Beginning with the line that contains "We can see here, YouTube", retype the entries below exactly, ending with the line that contains "Hello, this is". Leave out any pictures.

- Provided material
* * * * * * * * *
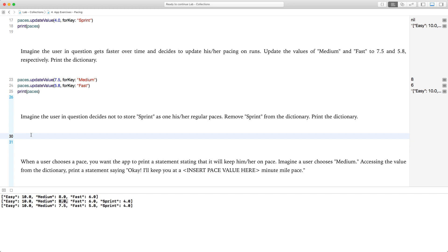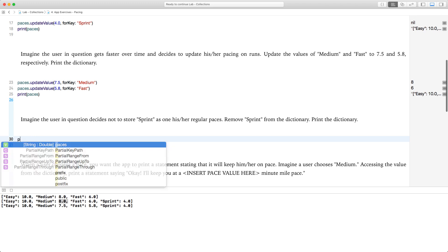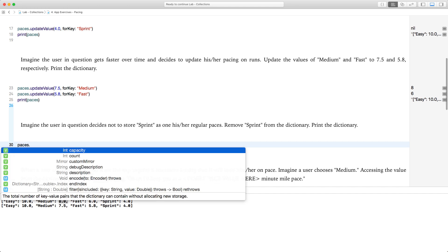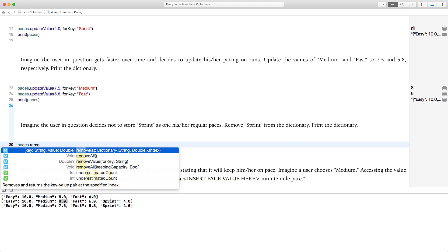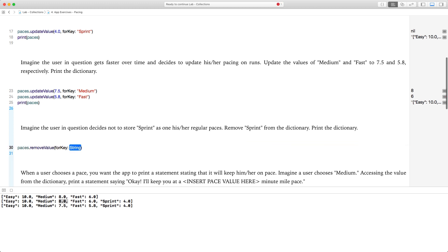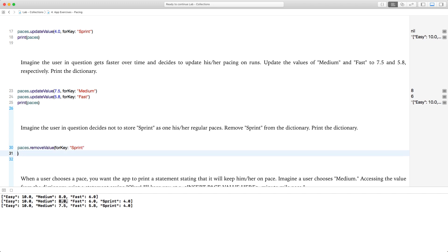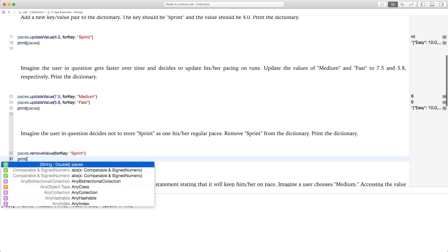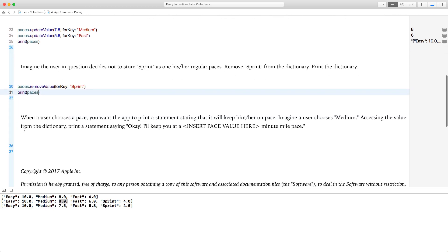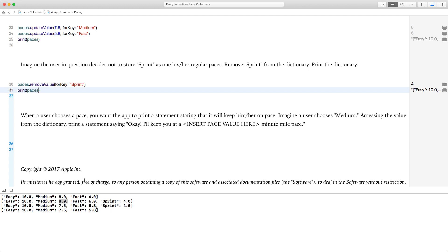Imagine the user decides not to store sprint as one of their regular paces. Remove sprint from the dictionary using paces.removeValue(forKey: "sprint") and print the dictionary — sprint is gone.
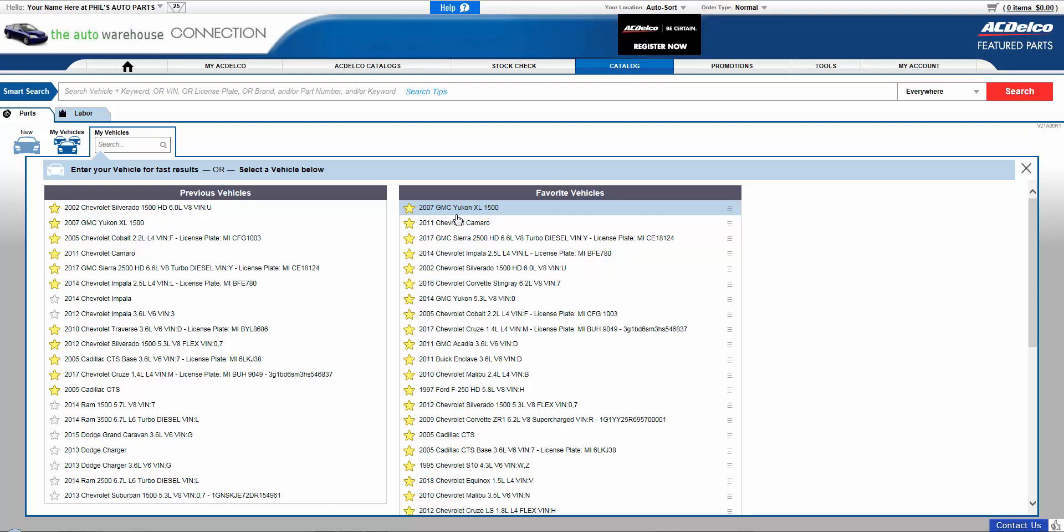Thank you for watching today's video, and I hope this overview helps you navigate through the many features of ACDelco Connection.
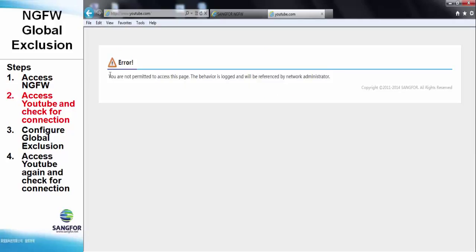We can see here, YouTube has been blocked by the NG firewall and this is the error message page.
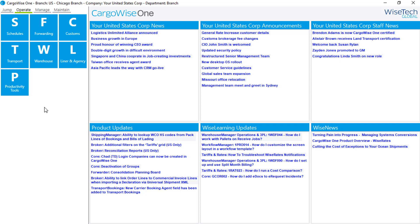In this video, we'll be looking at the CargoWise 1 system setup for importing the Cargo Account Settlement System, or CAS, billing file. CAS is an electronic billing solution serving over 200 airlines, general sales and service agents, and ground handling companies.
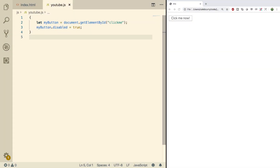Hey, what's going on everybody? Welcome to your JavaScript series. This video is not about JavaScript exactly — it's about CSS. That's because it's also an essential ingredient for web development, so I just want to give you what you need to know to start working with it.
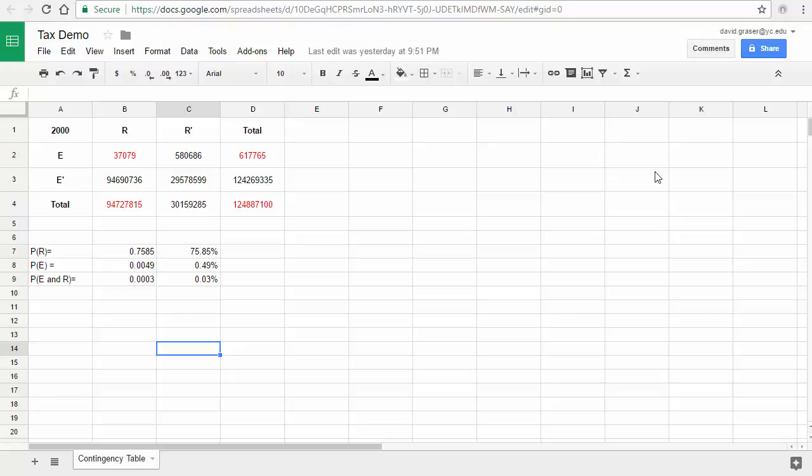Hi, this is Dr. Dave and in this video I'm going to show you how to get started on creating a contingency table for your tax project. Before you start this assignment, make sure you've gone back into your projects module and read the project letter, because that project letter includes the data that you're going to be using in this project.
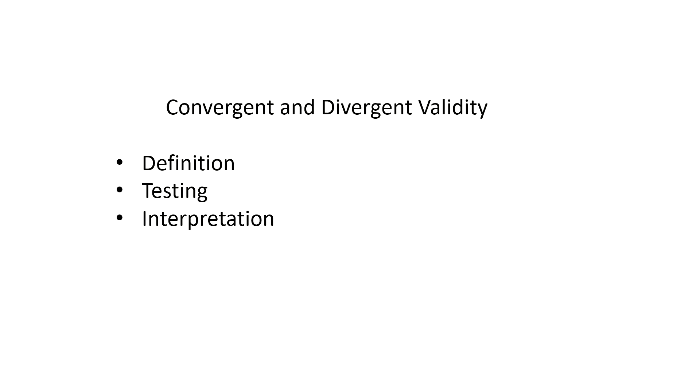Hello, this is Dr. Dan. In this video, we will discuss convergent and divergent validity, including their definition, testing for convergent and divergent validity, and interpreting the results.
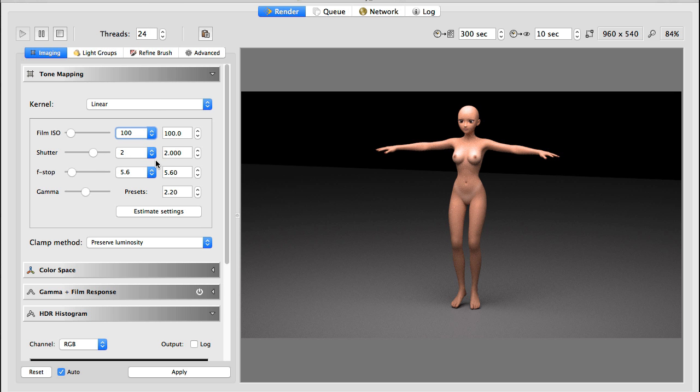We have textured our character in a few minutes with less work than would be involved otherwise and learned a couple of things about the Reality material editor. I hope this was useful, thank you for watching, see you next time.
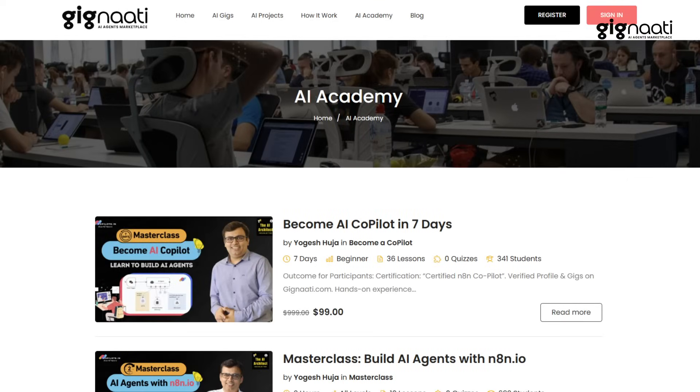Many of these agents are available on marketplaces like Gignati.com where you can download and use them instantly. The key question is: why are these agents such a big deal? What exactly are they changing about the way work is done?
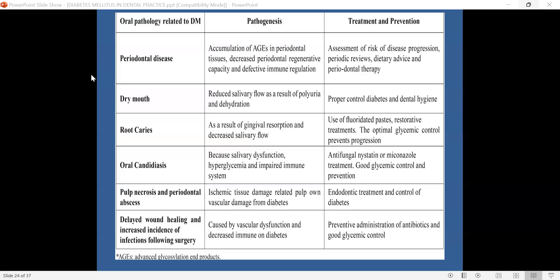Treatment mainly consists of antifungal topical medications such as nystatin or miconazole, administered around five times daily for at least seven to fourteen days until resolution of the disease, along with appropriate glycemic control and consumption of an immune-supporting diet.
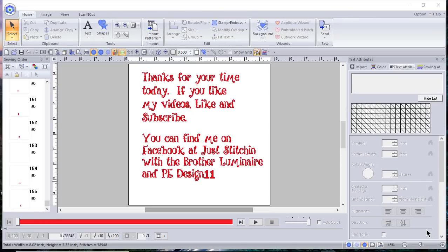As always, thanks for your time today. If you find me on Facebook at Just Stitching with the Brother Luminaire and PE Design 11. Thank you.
* * * * * * * * *
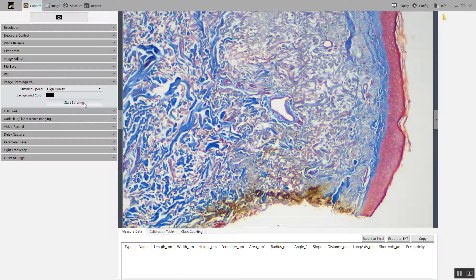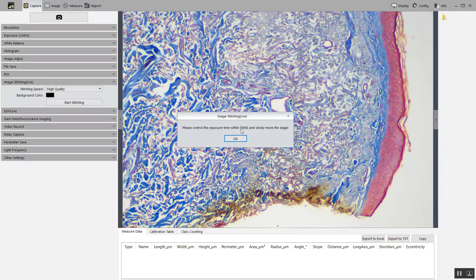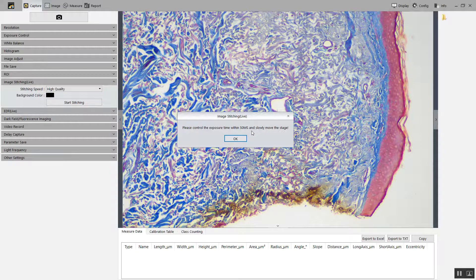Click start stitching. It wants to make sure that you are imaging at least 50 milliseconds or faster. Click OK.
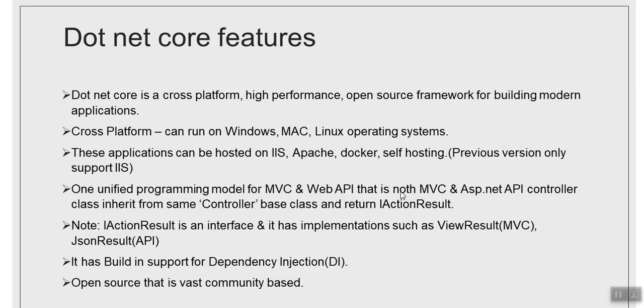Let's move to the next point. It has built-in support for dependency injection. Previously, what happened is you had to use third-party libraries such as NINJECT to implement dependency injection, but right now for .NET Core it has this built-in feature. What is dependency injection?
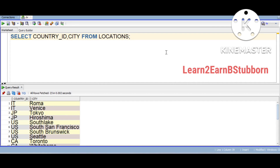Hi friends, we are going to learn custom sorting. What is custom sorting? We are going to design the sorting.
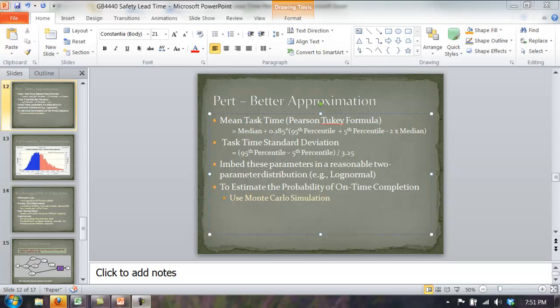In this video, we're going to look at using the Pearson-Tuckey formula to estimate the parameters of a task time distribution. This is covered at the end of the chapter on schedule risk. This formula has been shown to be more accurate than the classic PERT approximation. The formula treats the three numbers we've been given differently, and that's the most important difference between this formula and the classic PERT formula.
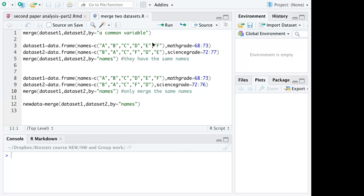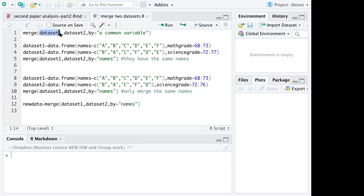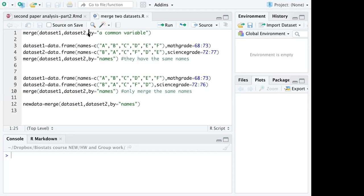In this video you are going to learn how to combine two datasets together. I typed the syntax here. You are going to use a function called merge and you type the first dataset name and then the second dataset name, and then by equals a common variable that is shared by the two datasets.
* * * * * * * * *
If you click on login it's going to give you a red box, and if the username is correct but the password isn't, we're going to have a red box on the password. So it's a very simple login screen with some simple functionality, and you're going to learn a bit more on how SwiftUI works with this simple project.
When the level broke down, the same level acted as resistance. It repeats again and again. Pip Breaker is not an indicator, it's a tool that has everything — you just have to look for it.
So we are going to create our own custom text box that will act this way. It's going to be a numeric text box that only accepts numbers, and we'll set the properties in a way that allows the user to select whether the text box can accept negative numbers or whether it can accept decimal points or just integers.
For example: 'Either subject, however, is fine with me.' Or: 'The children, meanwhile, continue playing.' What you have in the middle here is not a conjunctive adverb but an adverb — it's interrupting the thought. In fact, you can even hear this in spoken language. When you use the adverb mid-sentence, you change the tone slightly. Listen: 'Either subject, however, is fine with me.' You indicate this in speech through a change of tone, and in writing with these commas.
* * * * * * * * *
- Exercise result
We can see here, YouTube has been blocked by the NG firewall and this is the error message page.
In this video, we'll be looking at the CargoWise 1 system setup for importing the Cargo Account Settlement System, or CAS, billing file. CAS is an electronic billing solution serving over 200 airlines, general sales and service agents, and ground handling companies.
Hey, what's going on everybody? Welcome to your JavaScript series. This video is not about JavaScript exactly — it's about CSS. That's because it's also an essential ingredient for web development, so I just want to give you what you need to know to start working with it.
Hi, this is Dr. Dave and in this video I'm going to show you how to get started on creating a contingency table for your tax project. Before you start this assignment, make sure you've gone back into your projects module and read the project letter, because that project letter includes the data that you're going to be using in this project.
Hello, this is Dr. Dan. In this video, we will discuss convergent and divergent validity, including their definition, testing for convergent and divergent validity, and interpreting the results.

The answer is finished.